■ **Your task**:
Using the entries below, restate word for word only the lines from the one with "Dim 1940s insurance" to the final line, leaving the pictures out.

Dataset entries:
◆ ◆ ◆

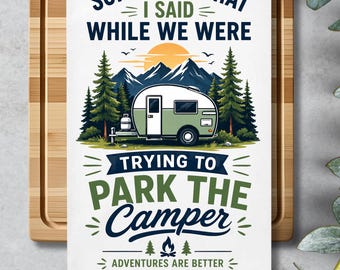 Toalla de cocina divertida con diseño de autocaravana, decoración para camping, regalo para anfitriona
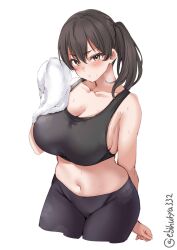 alternate_costume black_sports_bra blush breasts brown_eyes brown_hair cleavage closed_mouth collarbone cowboy_shot ebifurya eyebrows_visible_through_hair female hair_between_eyes highres kaga_(kantai_collection) kantai_collection large_breasts leggings long_hair looking_at_viewer midriff navel one-hour_drawing_challenge side_ponytail simple_background solo sports_bra sportswear stomach towel twitter_username white_background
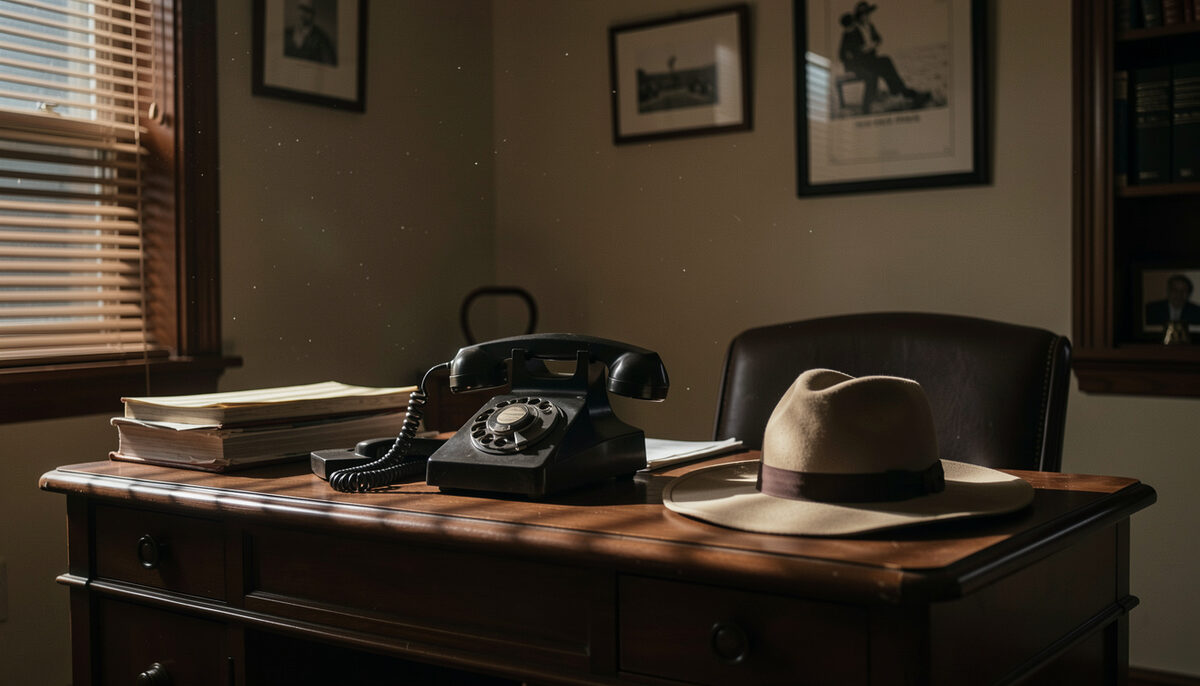 Dim 1940s insurance office at night, venetian blind shadows across a desk with a hat and a telephone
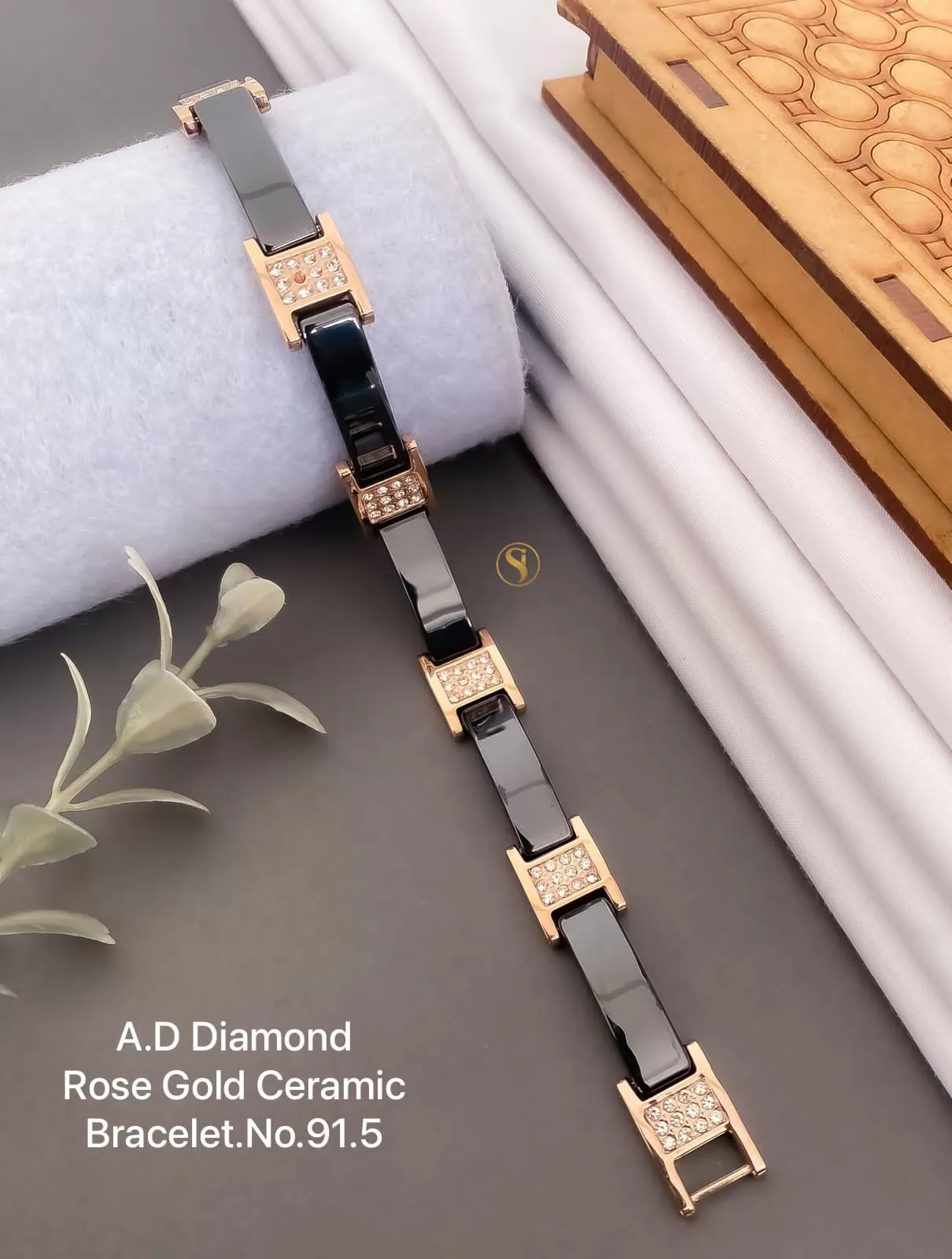 Rayhan ,Rose  Gold Finish  Amercian Diamond Stones Studded Ceramic Bracelet for Men -ZEE001BMD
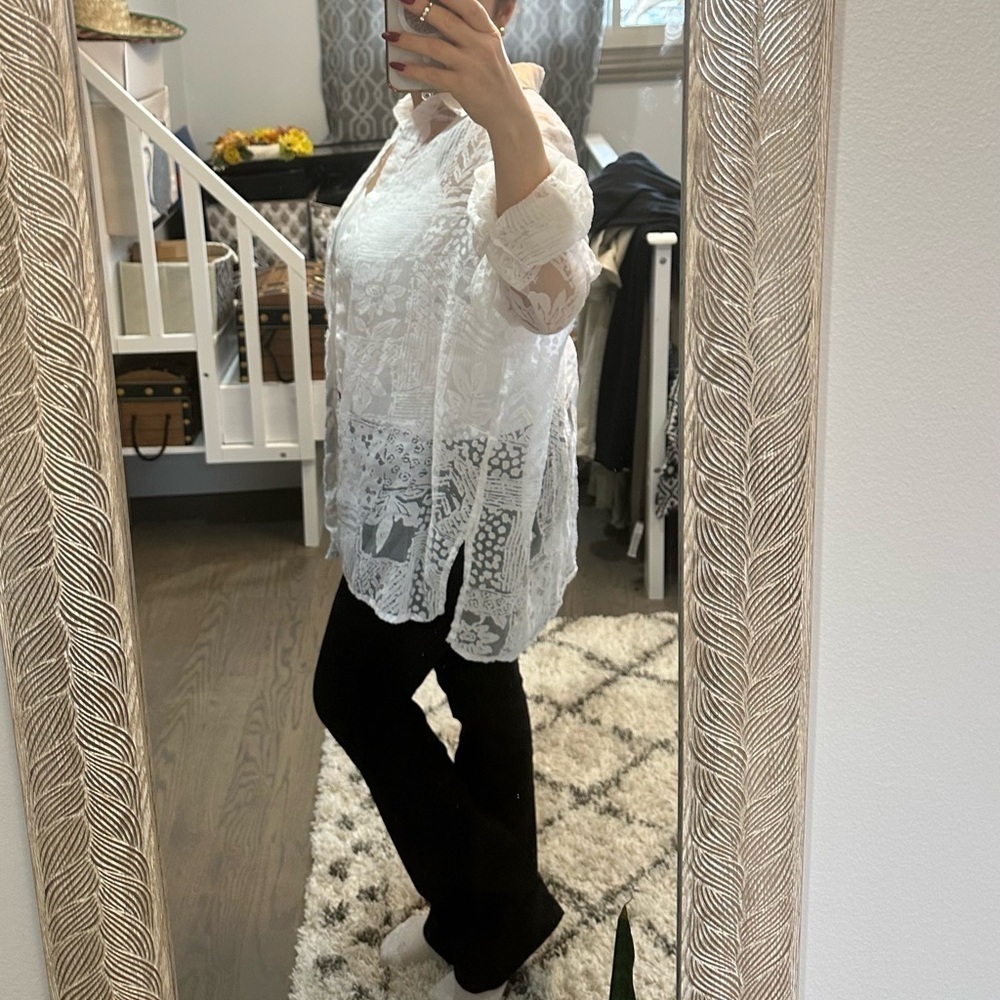 See-through button down blouse/shirt - Picture 9 of 10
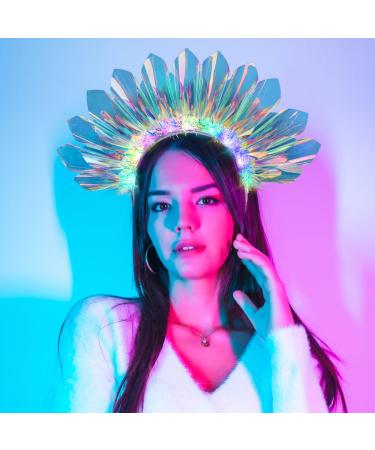 Light Up Headband Luminous Hairband Glowing LED Crown Headband Nightclub Headwear Flashing Headpiece Rave Hair Accessories for Women and Girls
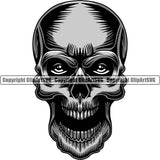 Skull Head With Real Eyes Skull Head Evil Horror Tattoo Skeleton Death Halloween Grunge Logo Clipart SVG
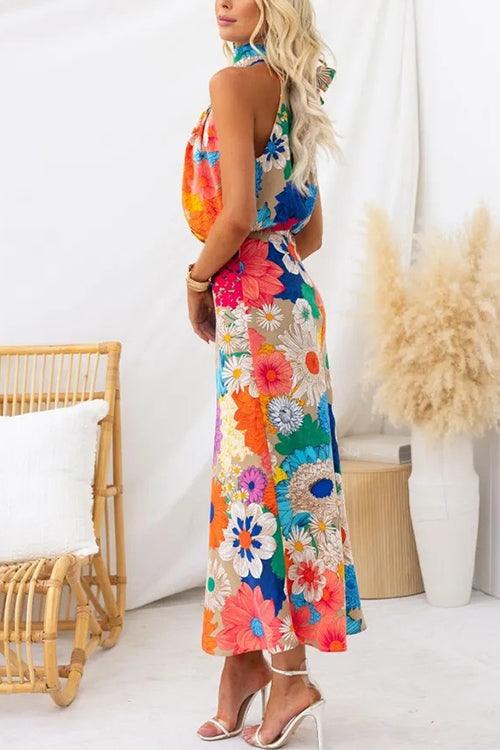 Shifra | Summer | Sleeveless Tie Neck Waisted Floral Print Maxi Dress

◆ ◆ ◆

■ **Exercise result**:
 Dim 1940s insurance office at night, venetian blind shadows across a desk with a hat and a telephone
 Rayhan ,Rose  Gold Finish  Amercian Diamond Stones Studded Ceramic Bracelet for Men -ZEE001BMD
 See-through button down blouse/shirt - Picture 9 of 10
 Light Up Headband Luminous Hairband Glowing LED Crown Headband Nightclub Headwear Flashing Headpiece Rave Hair Accessories for Women and Girls
 Skull Head With Real Eyes Skull Head Evil Horror Tattoo Skeleton Death Halloween Grunge Logo Clipart SVG
 Shifra | Summer | Sleeveless Tie Neck Waisted Floral Print Maxi Dress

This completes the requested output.